I also visited the Centre for Civilisational Dialogue at the University of Malaya to attend a lecture by Prof. Ruediger Seesemann from the University of Bayreuth who also attended the conference on Islam in Africa as a keynote speaker. Founded in 1996, the Centre for Civilisational Dialogue is an academic institute that has focused on promoting “dialogue” between different faith communities within and outside Malaysia. The centre’s director, Azizan Baharuddin, is a philosopher of science, and she has a broad network of international scholars with whom her centre has worked.

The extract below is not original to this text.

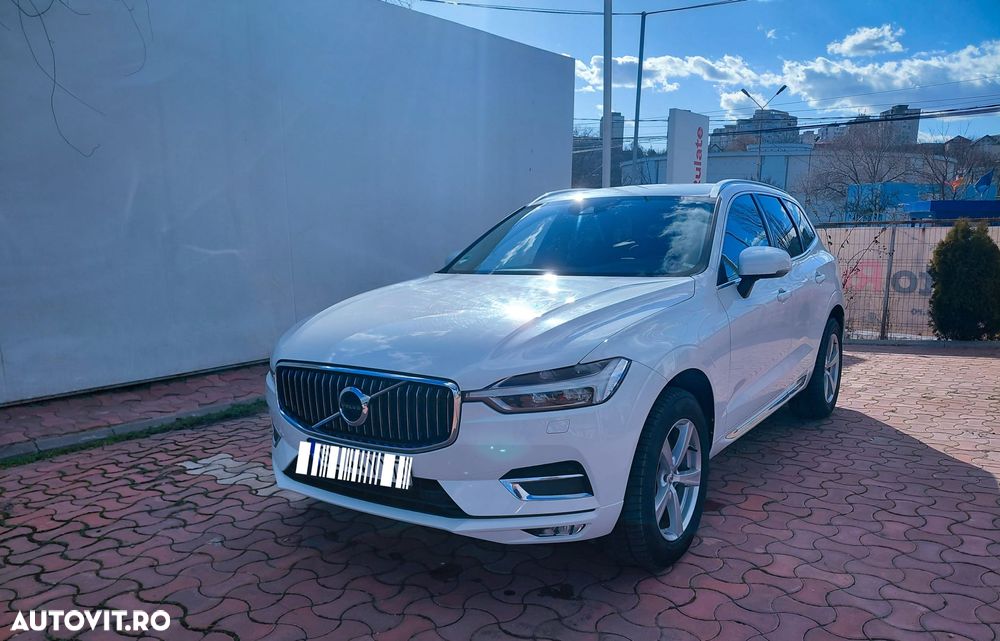 Volvo XC 60 D4 AWD Inscription - 1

Immediately before the conference on Islam in Africa, the International Institute of Islamic Thought and Civilisation (ISTAC) hosted a conference on so-called Islamic centrism or moderation – wasatiyya in Arabic -- that was sponsored by the International Forum for Islamic Moderation based in Amman, Jordan. Wasatiyya is a trend among many Muslims who seek to distance themselves from extremists, and it has become one of the key organizing ideas for some leading Muslim intellectuals, such as Yusuf al-Qaradawi, the Qatar-based Egyptian scholar of Al Jazeera satellite television fame/notoriety. In sub-Saharan Africa, Islamic centrism is also increasingly discussed and debated. For example, the popular preacher and media personality in Sudan, Yousef al-Koda has founded an Islamic centrist party (Hizb al-Wasat al-Islami), and one of Mauritania’s most prominent Muslim intellectuals and Islamist, Mohammed Hacen Ould Dedew, also speaks about and openly calls for moderation or centrism. One of the keynote speakers at the conference on Islamic Moderation in KL was Sadiq al-Mahdi, who also discussed the merits of moderation, respect for minorities, and human rights. Some colleagues in KL suggested that Malaysian support for the idea of civilisational Islam was now waning as many have turned their attention to what has effectively become the latest trend in Islamic thought – wasatiyya – definitions of which seemed rather elastic at the conference.

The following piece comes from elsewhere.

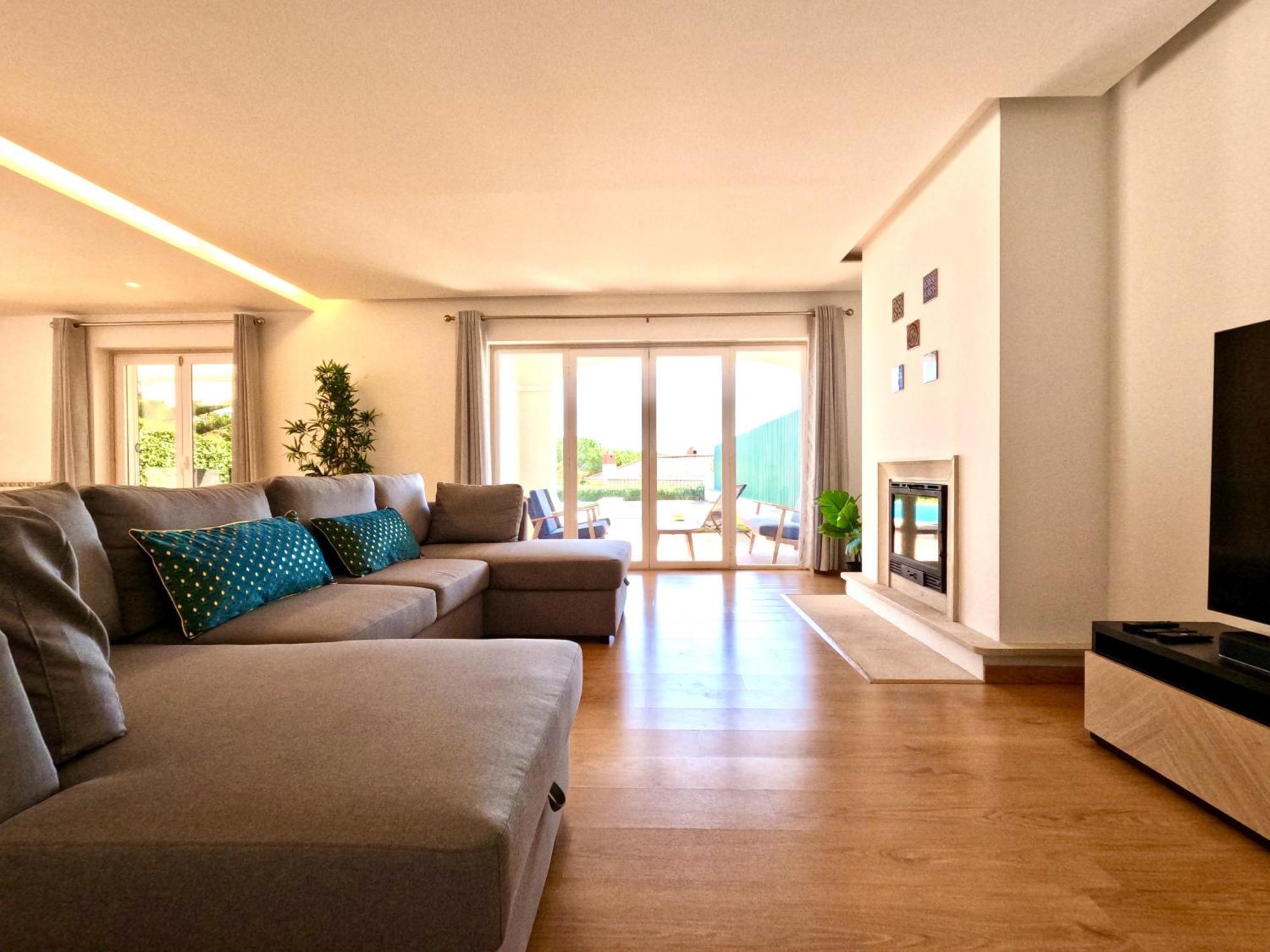 Casa Beloura Between The Sea And The Mountains سينترا المظهر الخارجي الصورة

Attending the conference at IIUM and giving a lecture at IAIS were great opportunities for gaining insight into Africa-Asia connections, particularly among Muslims. There are clearly very important changes afoot with so many African Muslims studying and working in Malaysia, learning new things and techniques, and taking these home or elsewhere in the world. In KL, I met a lecturer in Arabic and published novelist, who originally hails from northern Côte d’Ivoire. After studying for some time in Medina in Saudi Arabia, he completed his PhD at the IIUM and then took up a post at an Islamic university in southern Thailand. But he said he was anxious to return home to Côte d’Ivoire. One young Malian student studying for an MA in Islamic law at the IIUM, whose grandfather is the imam in a village where I have conducted research in western Mali, told me that he was looking for new models for how to be Muslim in the contemporary world and specifically models that were non-Western and non-Arab. Another young Gambian completing his PhD in comparative law told me that he hoped one day to be the Minister of Justice in his country. It would be interesting to know more about the trajectories of such African Muslims who have been in Malaysia and other places in Asia that are quite far from “home.” Indeed, we need to know more about how they are changing socially, as well as their shifting transnational ties, affiliations, and aspirations, their relationships to various social and political movements and Islamic currents, and the different social, political, and economic agendas that they might seek to advance in the future. At the same time, it would of course also be useful to know more about Malaysia in Africa, most notably, its investment activities on the continent, as well as its foreign policy in relation to Africa, which are the backdrop for some of the larger contexts in which to understand the trajectories of the African Muslims I met in Kuala Lumpur.